How L'Engle sets up the beginning of the book makes the passage from pages 201-202 a happier ending. The beginning talks about how the Murrays are struggling without having and closure as to where their father has disappeared. The children missed their father enough to tesseract into a new mysterious world. Even after they saw the black thing and heard about IT they continued on their journey to find their father. They were relentless for their father. The words “reached out and pulled in” stuck out to me. The family is having a huge group hug and Meg reached out for Calvin and pulled him in. Those few words add power to the excitement and climax of their journey. It also adds to the feelings Meg and Calvin built throughout their voyage.

I misplaced my book somewhere over break so I can’t give an exact passage but the part that gave me the biggest sense of bad/evil was when the man with red eyes attempts to hypnotize the three children without directly talking to them. Charles and Calvin were trying to ignore him by reciting random facts and texts. But in the end through their struggle the man with red eyes trapped Charles. The struggle seemed so great and intense and the young boy seemed helpless against a much stronger force.

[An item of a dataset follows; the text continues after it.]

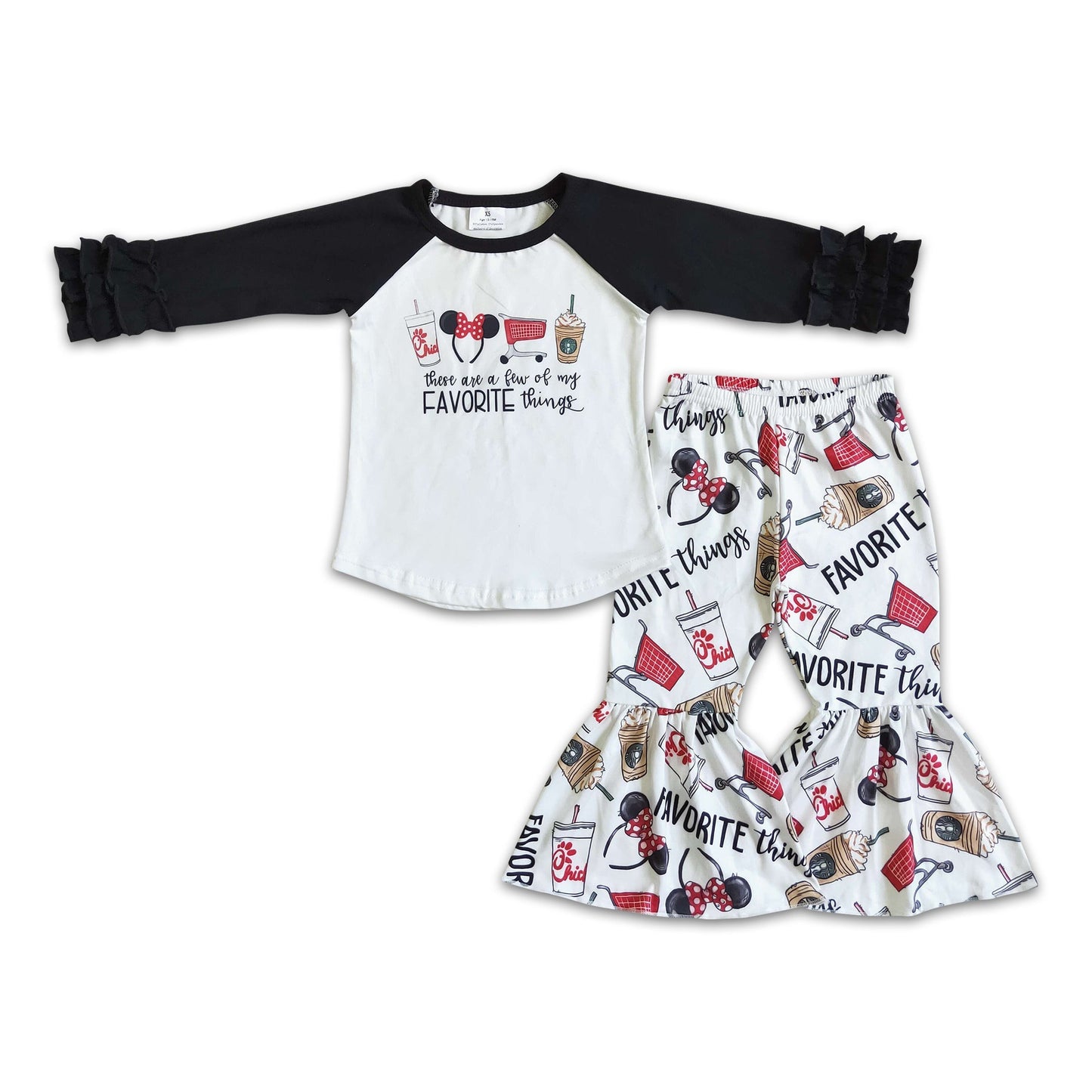 These are a few of my favorite things snacks little girls clothing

Ultimately love was the major factor. Us (Charles, Calvin, Meg, Mrs. W’s) went up against them (IT, black thing, man with red eyes). It was love because it was an emotional attachment Meg had for her father and Charles that got her father back and eventually rescued Charles. Love was the driving factor throughout the story. In the beginning Meg’s love for her father was driving her to gain closure for her father. It was also the factor for Calvin and Charles when the man with red eyes was hypnotizing them. They struggled with the man with red eyes for awhile. Even if it meant losing one of them for a significant amount of time and losing him in the mysterious planet. The tougher the struggle the more rewarding it is after you achieve victory.

Overall I supported L’Engle’s approach to good and bad. When someone wants something so bad they would bend over backwards for that person or object. The children heard about “them” and what they could potentially do but that did not seem to phase them. There would not be complete satisfaction until everyone was back home safe and sound. It was a very Christian view of good and bad.